Serge Coosemans Chroniqueur

Au moment de compiler son best of 2013, Serge Coosemans s’est rendu compte qu’il avait cette année moins parlé de soirées où il avait effectivement été que de bouquins sur la nuit, de politique libertaire et de sociologie de comptoir. Il n’est pas trop tard pour se rattraper. Sortie de route, S03E15.

Promenons-nous dans les bois. Le rhum coca semblait avoir été coupé à l’essence de torpille, le genre de cocktail touillé par le personnage de Joaquin Phoenix dans The Master. Dans le salon, un deejay bruxellois micro-célèbre passait une house-music ni bonne, ni mauvaise, aussi générique que la bibine du hard discount qui marinait dans nos verres. Cela rendait les voisins hystériques, 4 ménages au bas mot à tambouriner sur les murs, leurs sols et leurs plafonds, malheureusement trop en rythme pour être vraiment entendus. Dans la cuisine, un sosie des 3 Beastie Boys à la fois explorait le dessous de l’évier, à la recherche d’ammoniac, « pour se faire du crack », dit-il, très sérieusement. Ça baisouillait aussi dans la salle de bains, et pas qu’à deux.

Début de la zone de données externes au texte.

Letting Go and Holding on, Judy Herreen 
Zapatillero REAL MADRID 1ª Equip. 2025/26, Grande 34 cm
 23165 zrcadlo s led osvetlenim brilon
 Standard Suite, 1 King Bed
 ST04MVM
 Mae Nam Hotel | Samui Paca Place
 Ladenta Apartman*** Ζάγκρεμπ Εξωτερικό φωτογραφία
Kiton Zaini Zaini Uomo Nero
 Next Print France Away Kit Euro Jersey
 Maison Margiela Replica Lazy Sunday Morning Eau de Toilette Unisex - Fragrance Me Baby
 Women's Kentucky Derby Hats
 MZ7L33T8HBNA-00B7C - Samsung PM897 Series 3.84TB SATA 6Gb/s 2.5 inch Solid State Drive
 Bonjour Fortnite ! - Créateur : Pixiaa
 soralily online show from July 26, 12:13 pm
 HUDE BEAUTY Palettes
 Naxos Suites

Puis, on s’est tous retrouvés au Wood et les jeunots ont trouvé très amusant de me présenter comme un mec de « la même génération que Carl et Fifi », espérant sans doute que cela nous ouvre le bar mais ça n’a finalement pas impressionné le staff plus que ça. Je crois même qu’ils ont fini par me virer de la boîte, en fait, je ne sais plus. Je suis rentré seul, à pieds, à travers bois, la nuit, sous la pluie, dans la boue. Et c’était gai, vraiment. Beaucoup plus gai que de tenter de pécho de la digitale native dans une discothèque que j’admire malgré tout pour son gros potentiel wtf. Le Wood, donc. Au fond des bois, tel le Cercle des 12 Sycomores dans Twin Peaks, c’est la porte d’entrée vers un Monde Noir où les nains parlent à l’envers et les blondes sont un peu malsaines.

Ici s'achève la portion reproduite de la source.